(Beginning of EXTRACTED RECORDS)
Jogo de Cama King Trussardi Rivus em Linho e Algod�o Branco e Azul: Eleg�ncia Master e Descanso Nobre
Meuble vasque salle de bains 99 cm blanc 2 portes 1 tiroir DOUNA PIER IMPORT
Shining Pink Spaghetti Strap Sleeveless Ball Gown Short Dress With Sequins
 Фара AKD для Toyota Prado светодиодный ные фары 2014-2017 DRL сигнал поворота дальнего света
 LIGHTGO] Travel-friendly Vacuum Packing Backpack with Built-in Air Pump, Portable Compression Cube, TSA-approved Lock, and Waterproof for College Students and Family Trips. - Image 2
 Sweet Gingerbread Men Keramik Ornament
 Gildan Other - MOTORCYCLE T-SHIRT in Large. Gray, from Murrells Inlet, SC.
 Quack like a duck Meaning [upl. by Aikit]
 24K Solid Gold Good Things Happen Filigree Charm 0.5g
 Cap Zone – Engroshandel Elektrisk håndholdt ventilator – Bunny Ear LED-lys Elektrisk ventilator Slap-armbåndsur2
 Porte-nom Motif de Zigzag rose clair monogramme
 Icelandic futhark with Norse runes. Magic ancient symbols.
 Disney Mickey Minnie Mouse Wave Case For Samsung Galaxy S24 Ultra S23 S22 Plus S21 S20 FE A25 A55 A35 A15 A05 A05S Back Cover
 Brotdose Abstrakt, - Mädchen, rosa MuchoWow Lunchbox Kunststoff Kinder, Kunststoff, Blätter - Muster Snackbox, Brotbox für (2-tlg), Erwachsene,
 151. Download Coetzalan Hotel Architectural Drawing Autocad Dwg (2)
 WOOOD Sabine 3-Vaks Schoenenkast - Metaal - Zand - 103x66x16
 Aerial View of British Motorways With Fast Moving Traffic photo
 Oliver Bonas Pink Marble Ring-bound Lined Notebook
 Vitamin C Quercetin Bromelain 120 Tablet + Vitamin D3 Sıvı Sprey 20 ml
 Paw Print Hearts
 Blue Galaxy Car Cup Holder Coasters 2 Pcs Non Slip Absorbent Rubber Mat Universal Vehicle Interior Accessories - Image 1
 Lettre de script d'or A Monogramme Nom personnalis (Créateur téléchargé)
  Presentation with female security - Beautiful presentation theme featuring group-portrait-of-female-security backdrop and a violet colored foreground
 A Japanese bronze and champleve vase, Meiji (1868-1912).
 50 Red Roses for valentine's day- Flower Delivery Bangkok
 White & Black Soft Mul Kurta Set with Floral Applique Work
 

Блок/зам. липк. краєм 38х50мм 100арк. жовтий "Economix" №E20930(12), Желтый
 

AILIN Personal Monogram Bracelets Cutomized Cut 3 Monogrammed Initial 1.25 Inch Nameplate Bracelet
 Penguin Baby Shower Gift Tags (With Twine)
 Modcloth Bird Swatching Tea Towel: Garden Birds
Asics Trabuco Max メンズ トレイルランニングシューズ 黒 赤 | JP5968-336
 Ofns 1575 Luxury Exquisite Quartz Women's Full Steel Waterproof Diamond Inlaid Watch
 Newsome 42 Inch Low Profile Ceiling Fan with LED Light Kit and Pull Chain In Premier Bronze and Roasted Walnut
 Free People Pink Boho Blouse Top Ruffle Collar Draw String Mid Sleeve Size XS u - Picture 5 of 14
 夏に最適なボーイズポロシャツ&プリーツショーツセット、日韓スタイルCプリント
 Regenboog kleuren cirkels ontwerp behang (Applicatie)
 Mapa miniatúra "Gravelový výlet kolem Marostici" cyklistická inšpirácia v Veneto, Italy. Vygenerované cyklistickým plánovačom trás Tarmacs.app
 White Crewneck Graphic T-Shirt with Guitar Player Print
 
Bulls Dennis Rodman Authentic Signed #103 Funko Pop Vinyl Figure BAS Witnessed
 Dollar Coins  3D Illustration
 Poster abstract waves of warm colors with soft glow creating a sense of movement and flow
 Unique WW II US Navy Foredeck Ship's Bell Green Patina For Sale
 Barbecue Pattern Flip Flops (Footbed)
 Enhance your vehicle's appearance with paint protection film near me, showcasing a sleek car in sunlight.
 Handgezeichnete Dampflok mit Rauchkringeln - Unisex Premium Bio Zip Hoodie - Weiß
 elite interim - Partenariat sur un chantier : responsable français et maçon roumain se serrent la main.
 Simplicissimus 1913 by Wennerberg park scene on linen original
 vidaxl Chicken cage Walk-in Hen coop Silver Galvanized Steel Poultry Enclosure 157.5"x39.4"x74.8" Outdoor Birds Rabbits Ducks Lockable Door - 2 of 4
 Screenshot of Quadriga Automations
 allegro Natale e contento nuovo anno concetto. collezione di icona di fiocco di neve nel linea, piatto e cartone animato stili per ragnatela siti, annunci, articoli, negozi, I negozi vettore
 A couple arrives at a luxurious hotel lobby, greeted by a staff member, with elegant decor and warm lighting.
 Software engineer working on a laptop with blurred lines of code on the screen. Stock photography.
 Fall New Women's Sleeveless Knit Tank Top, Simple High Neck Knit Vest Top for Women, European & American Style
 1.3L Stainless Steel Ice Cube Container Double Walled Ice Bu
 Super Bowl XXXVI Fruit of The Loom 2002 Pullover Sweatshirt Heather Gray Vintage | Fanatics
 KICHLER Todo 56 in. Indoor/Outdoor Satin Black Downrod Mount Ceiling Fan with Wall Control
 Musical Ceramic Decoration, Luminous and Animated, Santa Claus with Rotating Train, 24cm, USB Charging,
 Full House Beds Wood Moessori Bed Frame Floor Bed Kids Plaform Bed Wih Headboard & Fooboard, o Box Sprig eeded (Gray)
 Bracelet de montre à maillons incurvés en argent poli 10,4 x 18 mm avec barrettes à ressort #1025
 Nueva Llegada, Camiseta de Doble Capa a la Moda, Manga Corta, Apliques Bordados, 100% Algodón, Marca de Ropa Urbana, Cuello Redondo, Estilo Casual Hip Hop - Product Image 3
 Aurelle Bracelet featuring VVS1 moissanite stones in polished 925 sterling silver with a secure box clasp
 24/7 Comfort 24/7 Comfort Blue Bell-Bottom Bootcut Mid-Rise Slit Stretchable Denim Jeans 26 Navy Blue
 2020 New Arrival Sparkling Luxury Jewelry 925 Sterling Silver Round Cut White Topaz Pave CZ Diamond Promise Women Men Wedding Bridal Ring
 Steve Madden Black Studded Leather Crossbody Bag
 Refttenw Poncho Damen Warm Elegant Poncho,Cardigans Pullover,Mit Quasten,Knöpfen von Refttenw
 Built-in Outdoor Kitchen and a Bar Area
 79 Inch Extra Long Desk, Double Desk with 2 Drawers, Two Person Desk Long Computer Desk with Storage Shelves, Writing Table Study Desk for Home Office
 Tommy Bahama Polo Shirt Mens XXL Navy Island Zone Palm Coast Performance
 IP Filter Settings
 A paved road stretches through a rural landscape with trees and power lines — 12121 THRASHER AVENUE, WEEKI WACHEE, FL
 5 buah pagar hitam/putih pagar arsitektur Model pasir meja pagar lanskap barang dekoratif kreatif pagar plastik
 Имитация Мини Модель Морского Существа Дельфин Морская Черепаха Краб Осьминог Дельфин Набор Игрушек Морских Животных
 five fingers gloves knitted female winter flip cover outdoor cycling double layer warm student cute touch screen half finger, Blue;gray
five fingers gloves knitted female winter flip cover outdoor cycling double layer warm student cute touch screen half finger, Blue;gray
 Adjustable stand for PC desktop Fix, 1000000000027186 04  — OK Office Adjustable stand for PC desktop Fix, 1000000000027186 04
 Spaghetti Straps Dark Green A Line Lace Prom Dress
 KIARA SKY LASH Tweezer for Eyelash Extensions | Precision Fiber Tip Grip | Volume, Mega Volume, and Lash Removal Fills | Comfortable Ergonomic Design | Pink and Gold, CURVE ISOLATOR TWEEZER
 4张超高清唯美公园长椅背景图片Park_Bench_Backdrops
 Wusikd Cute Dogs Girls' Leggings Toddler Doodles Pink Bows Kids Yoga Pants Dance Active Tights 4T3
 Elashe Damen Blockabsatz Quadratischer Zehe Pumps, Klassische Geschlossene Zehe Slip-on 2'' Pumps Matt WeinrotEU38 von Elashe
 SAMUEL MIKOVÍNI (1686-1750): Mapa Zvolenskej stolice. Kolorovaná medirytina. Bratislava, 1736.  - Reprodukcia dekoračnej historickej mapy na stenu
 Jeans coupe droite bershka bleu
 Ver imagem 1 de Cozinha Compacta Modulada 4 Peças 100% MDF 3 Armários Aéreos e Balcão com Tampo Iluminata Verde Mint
(End of EXTRACTED RECORDS)
■ WORK INSTRUCTIONS ■
Copy out only the lines of the records above from the one with "Asics Trabuco Max" through the one with "Enhance your vehicle's", exactly as they stand, both included.

■ RESPONSE TO THIS EXERCISE ■
Asics Trabuco Max メンズ トレイルランニングシューズ 黒 赤 | JP5968-336
 Ofns 1575 Luxury Exquisite Quartz Women's Full Steel Waterproof Diamond Inlaid Watch
 Newsome 42 Inch Low Profile Ceiling Fan with LED Light Kit and Pull Chain In Premier Bronze and Roasted Walnut
 Free People Pink Boho Blouse Top Ruffle Collar Draw String Mid Sleeve Size XS u - Picture 5 of 14
 夏に最適なボーイズポロシャツ&プリーツショーツセット、日韓スタイルCプリント
 Regenboog kleuren cirkels ontwerp behang (Applicatie)
 Mapa miniatúra "Gravelový výlet kolem Marostici" cyklistická inšpirácia v Veneto, Italy. Vygenerované cyklistickým plánovačom trás Tarmacs.app
 White Crewneck Graphic T-Shirt with Guitar Player Print
 
Bulls Dennis Rodman Authentic Signed #103 Funko Pop Vinyl Figure BAS Witnessed
 Dollar Coins  3D Illustration
 Poster abstract waves of warm colors with soft glow creating a sense of movement and flow
 Unique WW II US Navy Foredeck Ship's Bell Green Patina For Sale
 Barbecue Pattern Flip Flops (Footbed)
 Enhance your vehicle's appearance with paint protection film near me, showcasing a sleek car in sunlight.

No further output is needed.